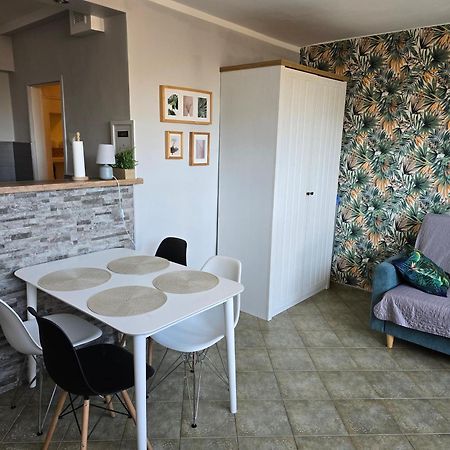 Apartament Sloneczny ชวีโนวิชแจ ภายนอก รูปภาพ
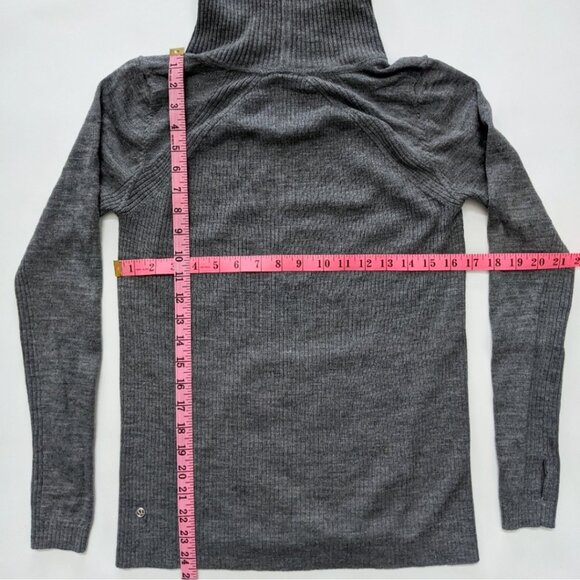 Lululemon pure wool Sweat and Savasana grey turtleneck sweater, women's 8 - Picture 8 of 8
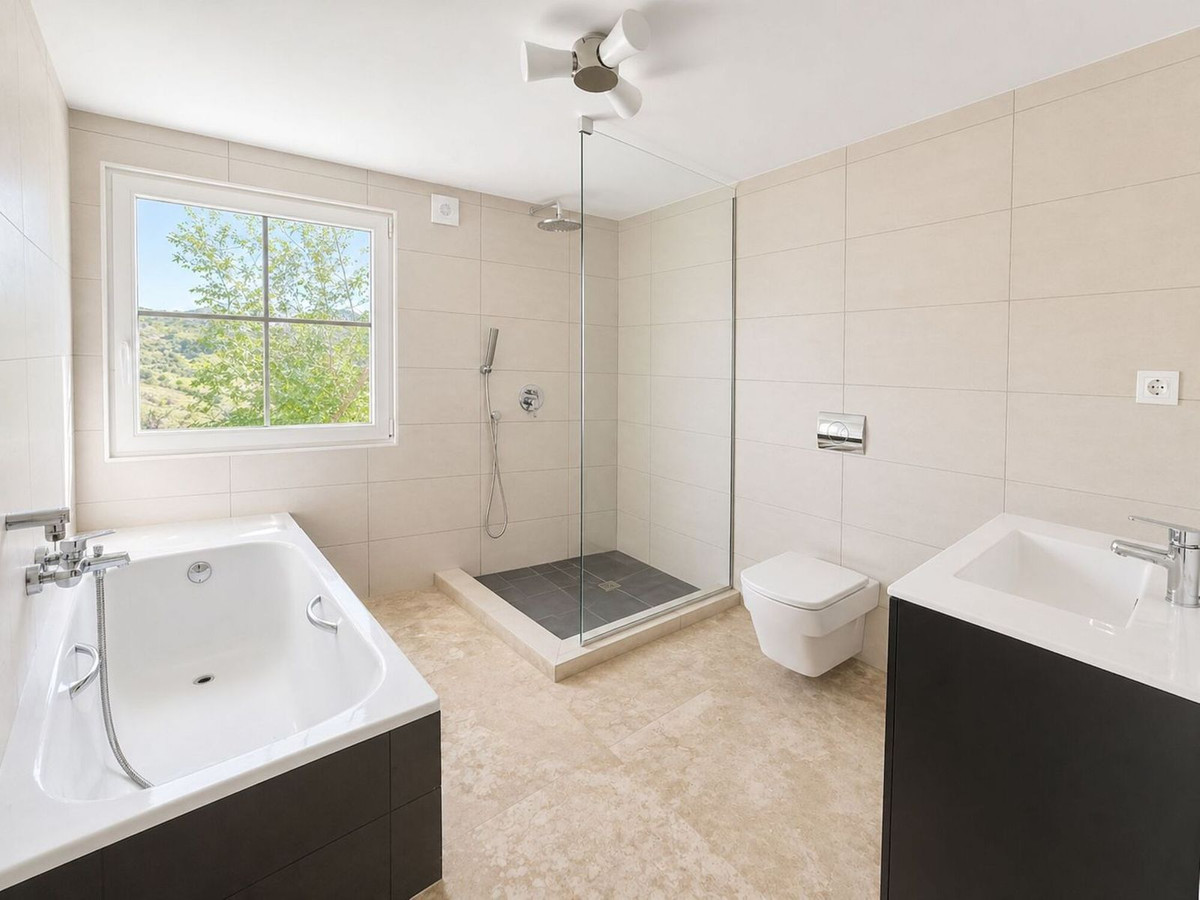 5 Bed Townhouse for sale in La Cala Costa Del Sol, Málaga, Spain
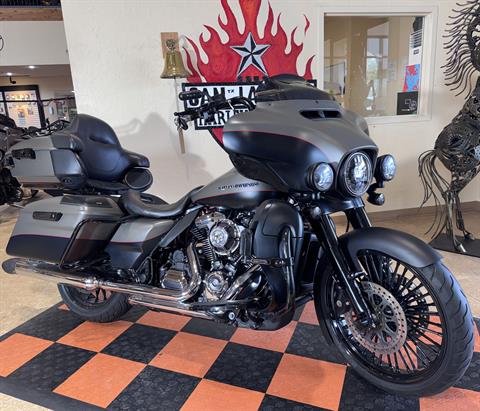 2018 Harley-Davidson Ultra Limited in Pasadena, Texas - Photo 3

* About this exercise
Could each line of the data be written out exactly, with no pictures included?

* Answer box
 Apartament Sloneczny ชวีโนวิชแจ ภายนอก รูปภาพ
 Lululemon pure wool Sweat and Savasana grey turtleneck sweater, women's 8 - Picture 8 of 8
 5 Bed Townhouse for sale in La Cala Costa Del Sol, Málaga, Spain
 2018 Harley-Davidson Ultra Limited in Pasadena, Texas - Photo 3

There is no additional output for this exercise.